Here’s the result of compiling service.hk
.
$ hark asm service.hk
BYTECODE:
/
| ;; #F:foo:
| 0 | PUSHB foo
| 1 | CALL 1
| 2 | RETURN
| ;; #1:bar:
| 3 | BIND x
| 4 | POP
| 5 | PUSHV 1
| 6 | PUSHB x
| 7 | PUSHB +
| 8 | CALL 2
| 9 | RETURN
| ;; #2:compute:
| 10 | BIND x
| 11 | POP
| 12 | PUSHB x
| 13 | PUSHB foo
| 14 | ACALL 1
| 15 | BIND a
| 16 | POP
| 17 | PUSHB x
| 18 | PUSHB bar
| 19 | CALL 1
| 20 | BIND b
| 21 | POP
| 22 | PUSHB b
| 23 | PUSHB a
| 24 | WAIT 0
| 25 | PUSHB +
| 26 | CALL 2
| 27 | RETURN
| ;; #3:main:
| 28 | PUSHV 1
| 29 | PUSHB compute
| 30 | CALL 1
| 31 | RETURN
\
BINDINGS:
NAME VALUE
foo ....... <TlForeignPtr pysrc.foo>
bar ....... <TlFunctionPtr #1:bar>
compute ... <TlFunctionPtr #2:compute>
main ...... <TlFunctionPtr #3:main>
This shows how each Hark function has an associated block of bytecode, and the
one imported Python function has been wrapped (using a #F:
prefix to indicate
that it is different from the other functions that are just #n:
).
Register imports
Any import
expressions at file top-level are saved as named bindings in the
final executable. They’re also wrapped in Hark functions so that they can be
called just like Hark functions (#F:foo
above). Currently this wrapped version
is only needed when calling a Python function asychronously -- usually, the
Python function is called directly.
Compile Functions
Each top-level definition is compiled into a “body” of instructions and a named
binding. The final executable code is created by simply concatenating all of the
bodies together and saving the locations by name (e.g. bar -> #1:bar -> code[3]
above).
Optimise AST
Currently tail-recursion optimisation is implemented, which makes recursive functions significantly faster because no activation record (stack frame) is created in the recursive call.
There’s lots of scope for develoment here! e.g. Issue #15
Compile Expressions
Each node (representing an expression) in the tree must be converted into a sequence of VM instructions (bytecode).
Examples of compiling expressions:
- convert literal Python types to Hark types
- convert
N_If
(the if-expression Node) into linear instructions and conditional Jumps
For example, a literal value is simply pushed onto the data stack:
@compile_expr.register
def _(self, n: nodes.N_Literal):
val = mt.to_hark_type(n.value)
return [mi.PushV.from_node(n, val)]
mi
is the machine instruction module, and mt
is machine types.
The from_node
constructor copies node debug data into the instruction so that
tracebacks can be created.
A function call is more interesting as the arguments have to be evaluated first.

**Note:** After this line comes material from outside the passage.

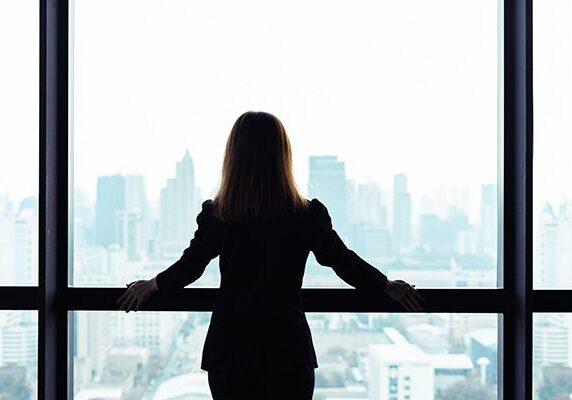 coach standing at a window looking over a city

def _compile_call(self, n: nodes.N_Call, is_async: bool) -> List[Instruction]:
arg_code = flatten(self.compile_expr(arg) for arg in n.args)
instr = mi.ACall if is_async else mi.Call
return (
arg_code
+ self.compile_expr(n.fn)
+ [instr.from_node(n, mt.TlInt(len(n.args)))]
)
arg_code
contains a list of instructions to evaluate each of the function
arguments, which is simply prefixed to the function call instruction.
Note that n.fn
, the function identifier, is also compiled -- the Call (or
ACall) instruction requires the identifier to be on the stack.